Mayor Richard Stewart said at the March 10 council meeting the success of the new Maillardville Neighbourhood Plan will depend on whether the community "embraces" it.
Stewart made the comments as city council unanimously granted first reading to the proposed neighbourhood plan, a draft document that has been at least five years in the making and is aimed to push the historically French-Canadian enclave out from its crossroads.
For years, council and city staff have talked — and held open houses and information meetings — about Maillardville's potential, and millions of government dollars have been injected in an attempt to turn around the neighbourhood. City tax incentives were expected to spur spin-offs and encourage revitalization; the long-awaited expansion to the Place Maillardville community centre also has yet to launch.
A 2006 report commissioned by the Société Maillardville-Uni and paid for by Industry Canada made recommendations to attract businesses and tourists. Little happened.
Lately, however, there have been some signs of progress, including the $2.6-million redevelopment of the north part of Mackin Park, the completion (or near completion) of area watershed management plans and the preservation of heritage homes and buildings.
And with the public hearing scheduled for March 31 on the proposed neighbourhood plan, Coun. Craig Hodge, chair of the city's Maillardville commercial and cultural revitalization advisory committee, said he hopes residents and business people will come out to speak.
"I want to see the vibrancy return to the community," Hodge said, adding, "I think we are doing a better job today [in promoting Maillardville] than we have in the past."
The draft Maillardville Neighbourhood Plan is a 20- to 25-year guide that calls for, among other things, 6,000 more residents in the 105-year-old community, more multi-family housing and office space, and a move to celebrate the area's history.

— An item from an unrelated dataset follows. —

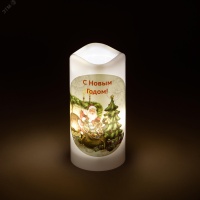 Новогодний декоративный светильник Свеча-проектор Санта, теплый свет, 4 LED, 3*ААA, 15 см, 6 проекций EGNDS -SK ЭРА Б0060551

As well, two Heritage Character Areas will be created in Laval Square and Allard-LeBleu, more trails will be forged and Brunette Avenue will turn into a prominent main street as it is dressed up as a processional route from Lougheed Highway to Laval Square.
"Heritage-inspired" French-Canadian designs will also be encouraged with new buildings.
Coun. Mae Reid said she would like to see the city rejuvenate Maillardville block by block, rather than piecemeal, while Coun. Lou Sekora said he has concerns about parking.
Council will consider further bylaw readings of the neighbourhood plan after the March 31 public hearing.